Oruç Ahlakı Güzelleştirir: Oruç insana iyi huylar kazandıran köklü bir irade terbiyesi ve ahlak eğitimidir. Bir hadis-i Şerifte şöyle buyurulmaktadır: “Kim yalan söylemeyi ve yalanla iş görmeyi bırakmazsa Allah, onun yemesiniiçmesini bırakmasına hiç değer vermez” (14) anlamındaki hadis, orucun hedefinin kötü huylardan uzak kalmak olduğunu açıkça göstermektedir.
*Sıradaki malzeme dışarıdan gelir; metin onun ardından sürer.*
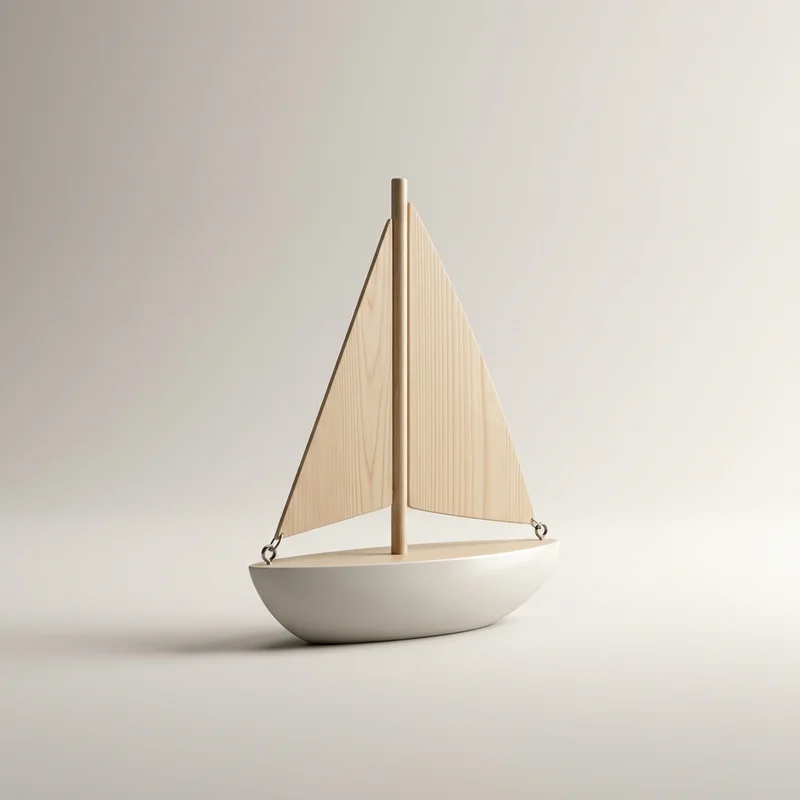 Minimalist wooden toy sailboat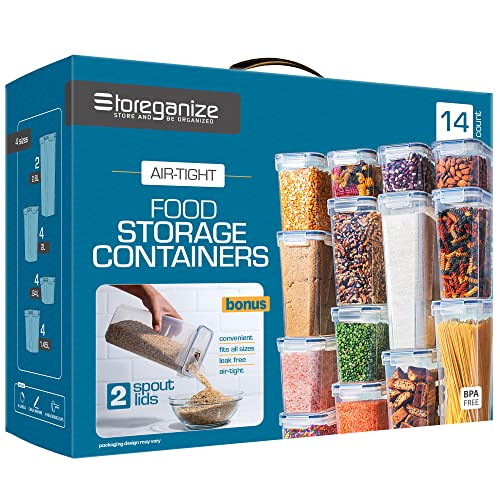 STORAGEGANIZE Airtight Food Storage Containers With Lids 14pc, Ktichen Storage Like New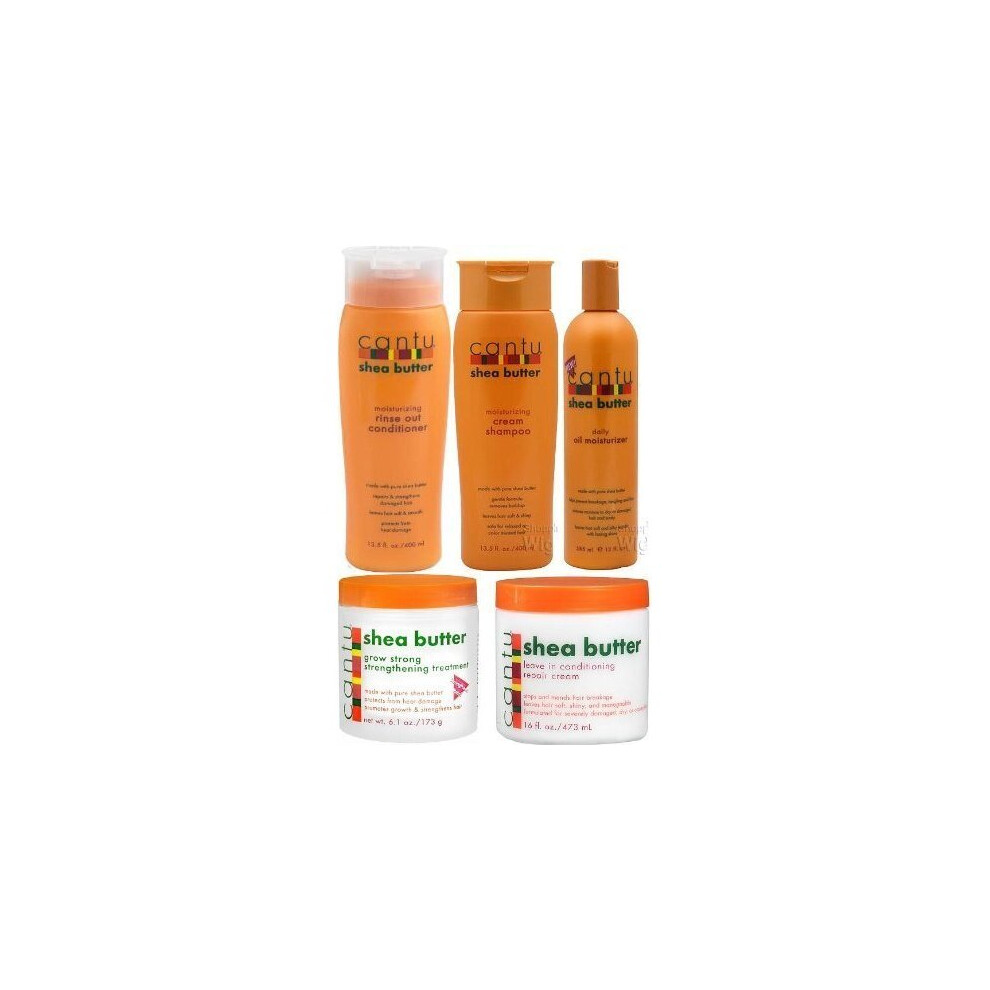 Cantu Shea Butter 5pcs Set (Shampoo, Conditioner, Grow Strong Strengthening Treatment, Oil Moisturizer, and Leave in Conditioner) by Cantu Shea Butter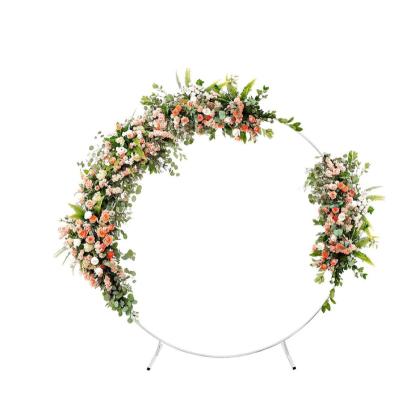 China Wedding Gold Round Arch Outdoor Wedding Arch Background Ceremony Stage Entrance Flower Decoration Metal Frame Wedding Arch for sale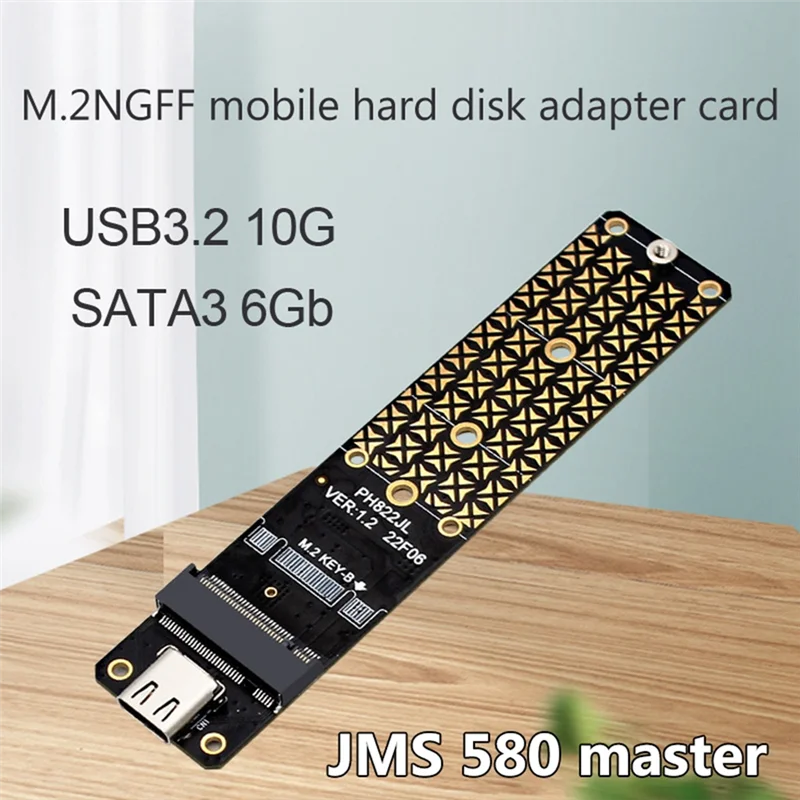 1 комплект NGFF M. 2 B Ключ SATA Адаптер за твърд диск SSD ДО USB3.1 Type-C Карта за разширяване на 10G M 2 B Ключ SATAAdapter JMS580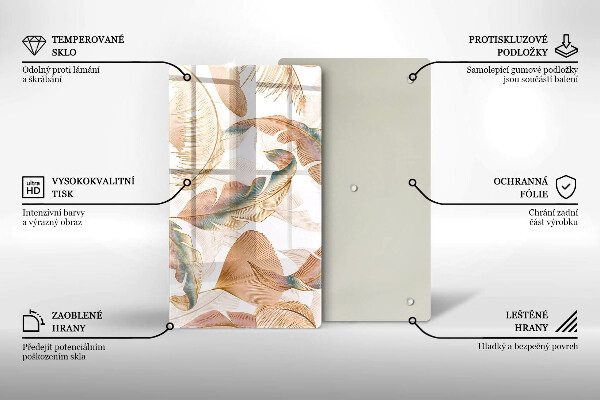 Kryt na indukčnú dosku Boho perie a listy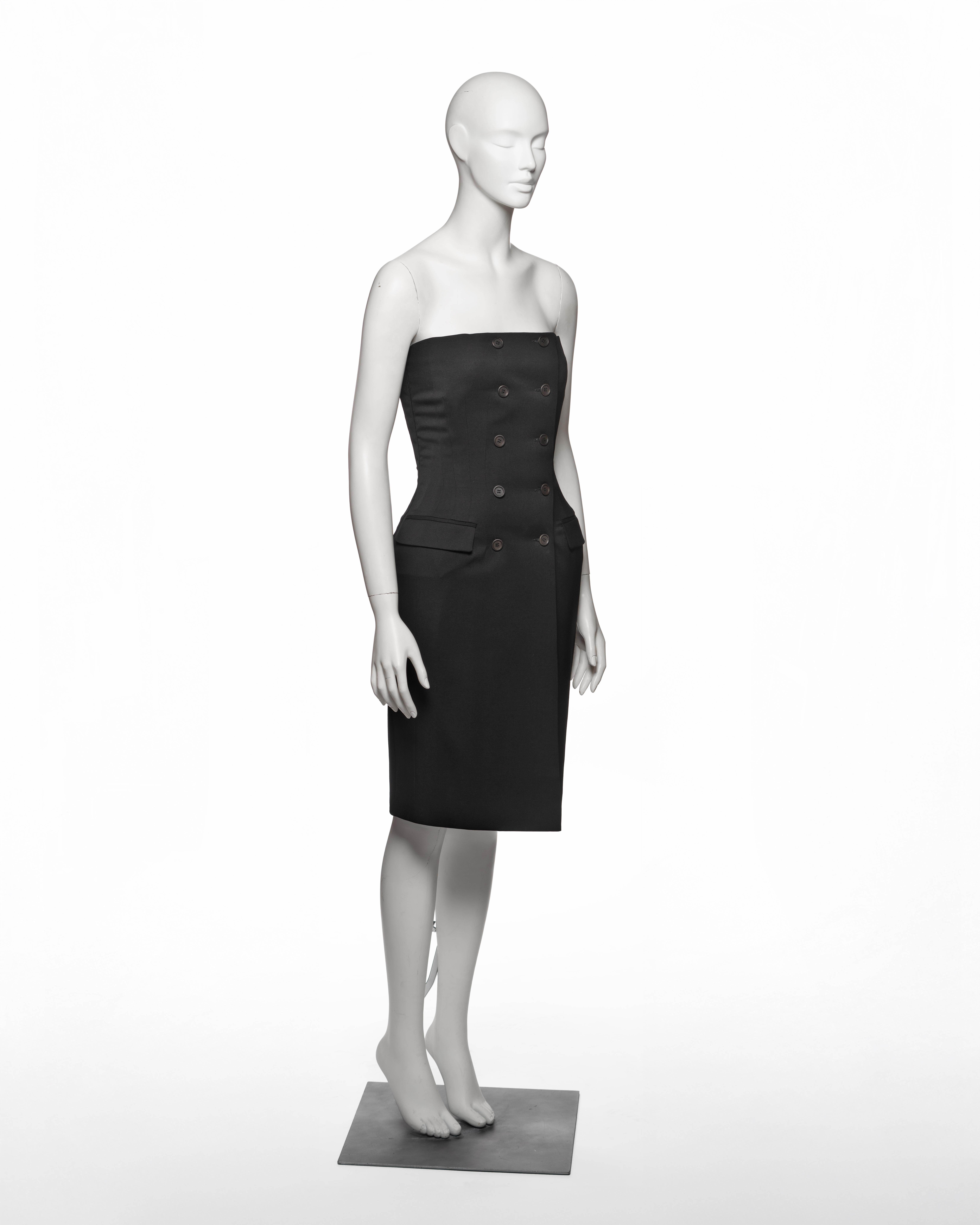 Balenciaga di  Nicolas Ghesquière - Vestito bustier scolpito in lana nera, FW 2001 in vendita 1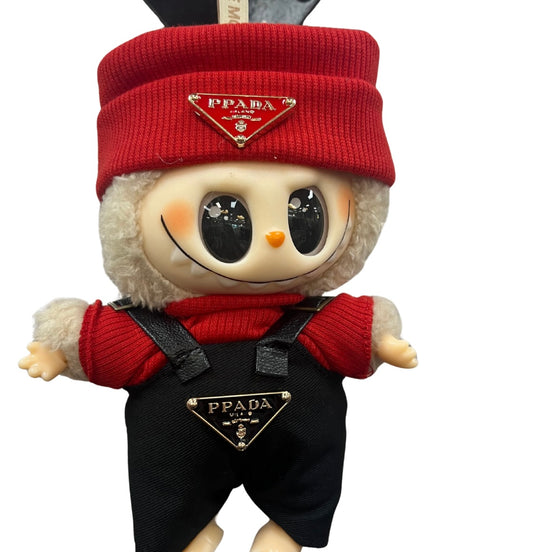 Black Overalls w Red Shirt & Hat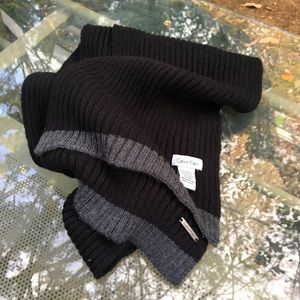 Calvin Klein acrylic winter Scarf black grey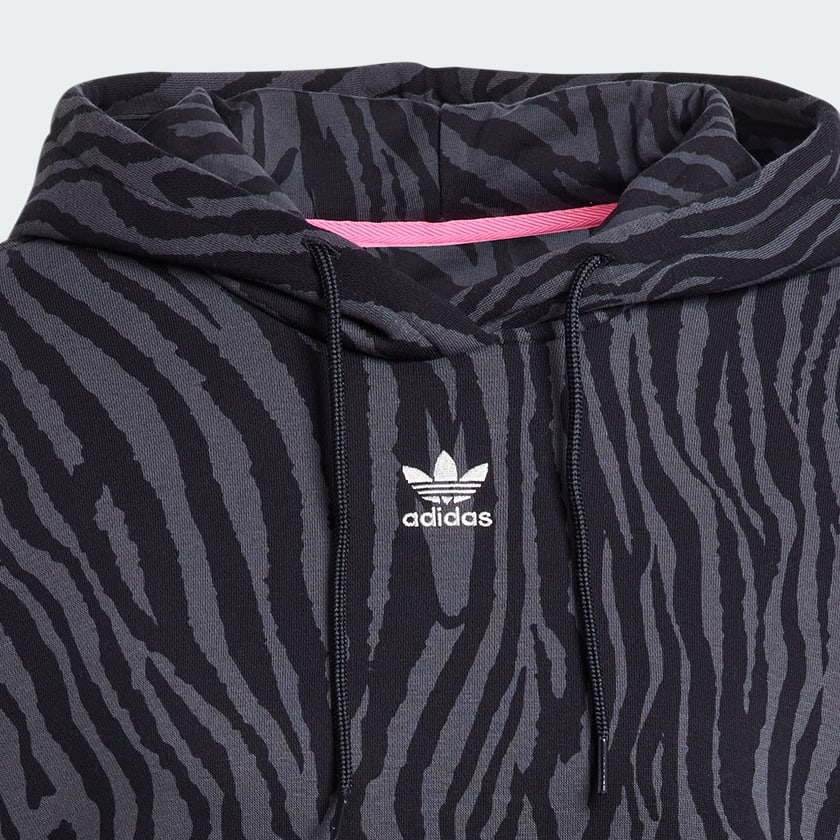 adidas Buzo con Capucha Essentials Zebra Animal Print Gris
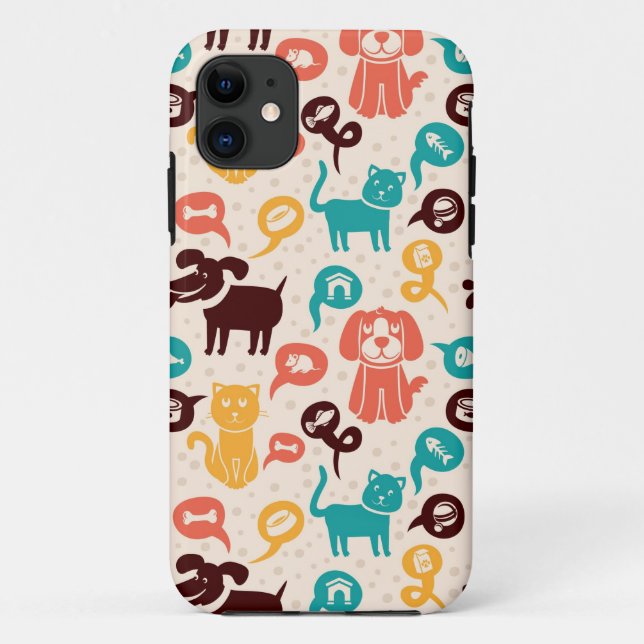 Pattern With Funny Cats And Dogs Case-Mate iPhone Case (Back)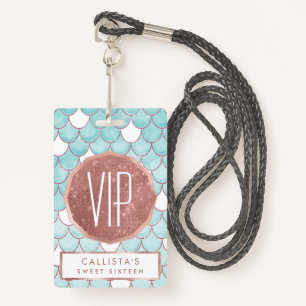 Niedlicher Aquamariner rosa Glitzer Wasserfarbe Me Ausweis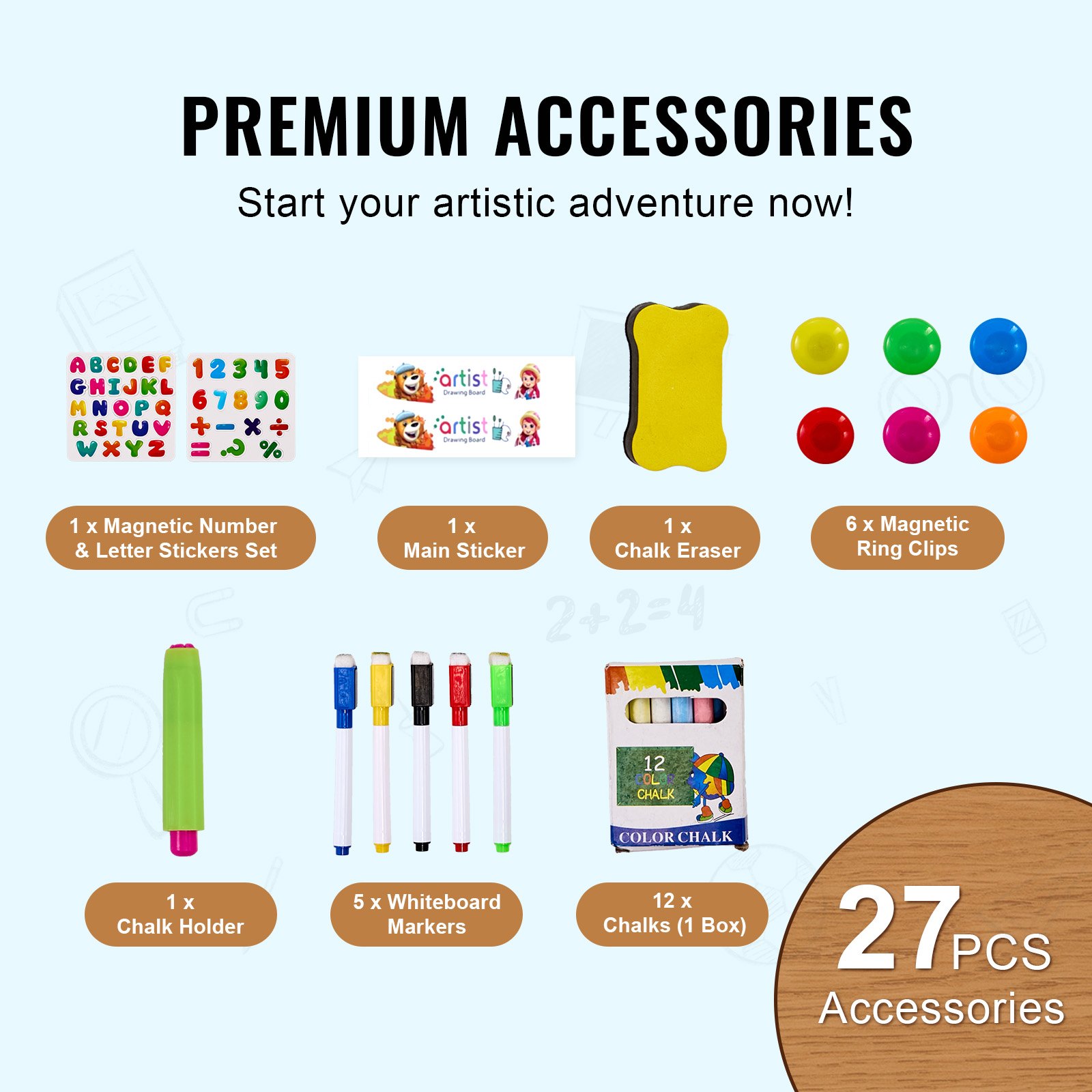 VEVOR Caballete de arte para niños, caballete de arte para niños 2 en 1 de doble cara con pizarra magnética y pizarrón, tablero de dibujo ajustable, giratorio y extraíble con accesorios de pintura para niños y niñas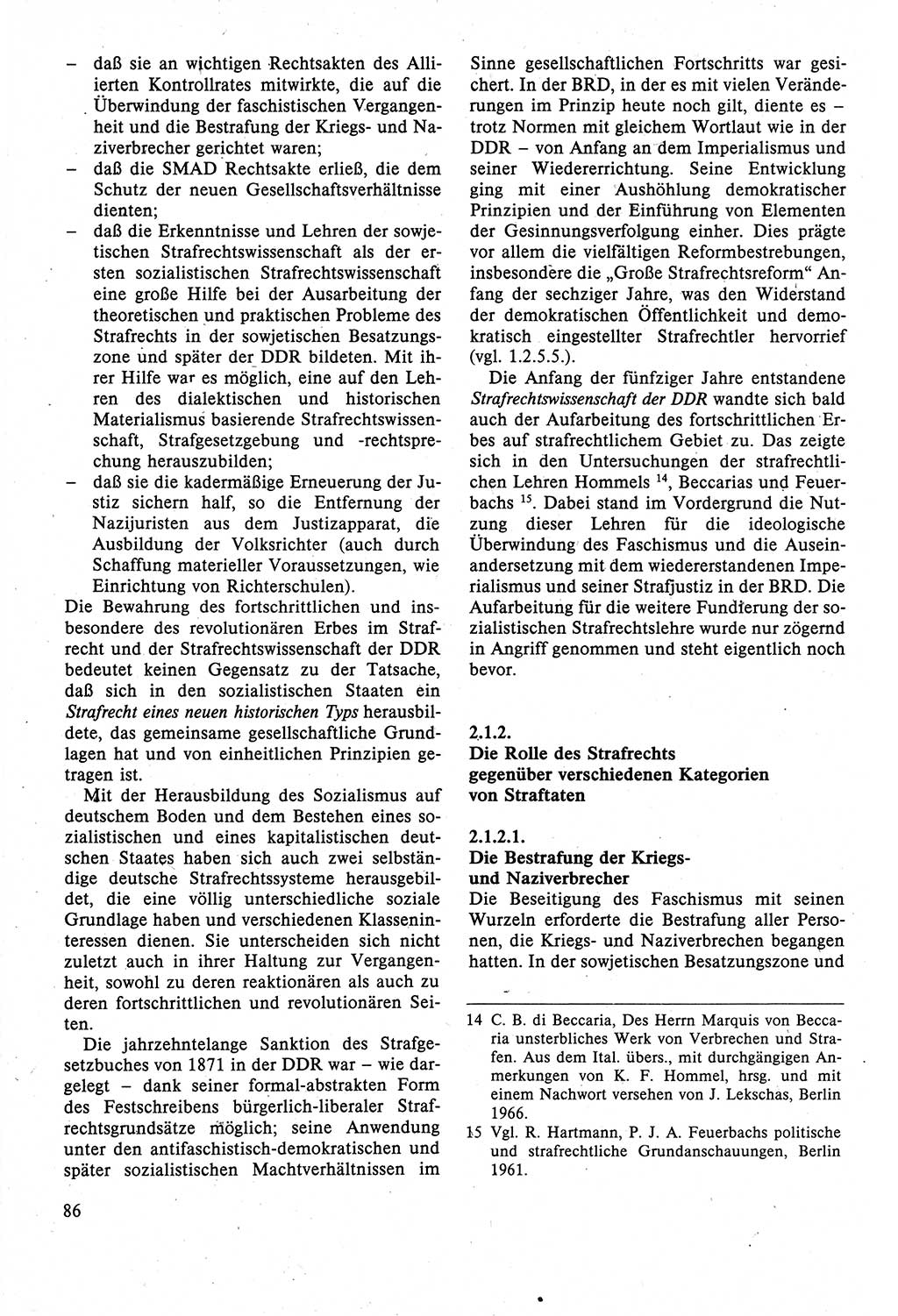 Strafrecht der DDR (Deutsche Demokratische Republik), Lehrbuch 1988, Seite 86 (Strafr. DDR Lb. 1988, S. 86)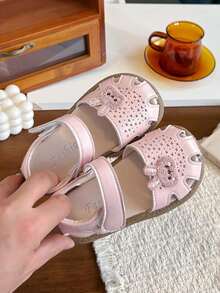 Sandal hình thỏ dễ thương kiểu Hàn Quốc cho bé gái, giày mùa hè thoáng khí với khóa dán ma thuật, giày công chúa đi biển đế mềm chống trượt cho bé gái. - Hồng - Xem 5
Oruç Sağlığı Korur: Bugün orucun insan sağlığı üzerindeki olumlu etkileri tüm dünyada bilinen ve kabul edilen bir gerçektir Orucun sağlığa ilişkin yararları tıp uzmanlarınca ortaya konulmaktadır. İnsan vücudunun bütün gün çalışarak yorulan uzuvları, uyku ve istirahat ile dinlendiği gibi, bir yıl boyunca durmadan çalışan vücut makinesi adeta Ramazan ayında dinlenmeye ve bakıma alınmış gibi olur. Burada Hz. Peygamberin konuya ilişkin bir hadisini belirtmek gerekir: “Oruç tutunuz ki, sıhhat bulasınız”. (15)
Sonuç Müminlere bir ikram olarak sunulan Ramazan ayı; ibadet, tevbe, dua, zikir, arınma, sosyal yardımlaşma ve dayanışma ayıdır.
Ramazanda orucu bozacak maddi şeylerden kaçınmak ne kadar önemli ise, onun manasını bozan, sevabını götüren İslâm adabına aykırı davranışlardan sakınmak da önemlidir.
Öyleyse, her türlü hayrı, rahmeti, bereketi ve daha nice güzellikleri bünyesinde barındıran Ramazan ayını gereği gibi değerlendirelim.
1 Kaynak: https://www2.diyanet.gov.tr/DinHizmetleriGenelMudurlugu/VaazHizmetleri/Ramazan
2 Buhari, Savm, 5, II,227.
3 Buhari, Bed’ü’l-Vahy 1, I, 2.; Müslim, İmare 155, II,1516.
4 Kenzu’l- Ummal, Beyrut 1985, III, 419,-425. 159
5 Buhari, Savm, 6, II, 228. 160
6 Buharî, İman,37, I,14; Müslim, Salâtü’l-Müsafirîn, 13. II,523; Nesâi, Kıyamu’l-Leyl,3, III,201.
7 Buharî, Leyletü’l-Kadr, 2, II, 253; Müslim, Sıyam, 40. I,828; Tirmizî, Savm,72. IV,158.
8 Buharî, Leyletü’l-Kadr, 2, II, 253; Müslim, Sıyam, 40. I, 822-823.
9 Ahmed b. Hanbel , I, 55.
10 Ahmed b. Hanbel ,, II, 33.
11 Buharî, savm,2, II, 226, Müslim, Sıyam,163. I,807. 163
12 İbn Mâce, Savm, 21, I,539.
13 Buharî, Savm,2, II, 226; Müslim, Sıyam,163. I,807; Ebû Davud, Savm, 25. II,768.
14 Buhârî, Savm, 8; II,228; Ebû Davud, Savm,25. II,767.
15 Münzirî, II, 83; Heysemî, Mecmaüz-Zevaid, III,179.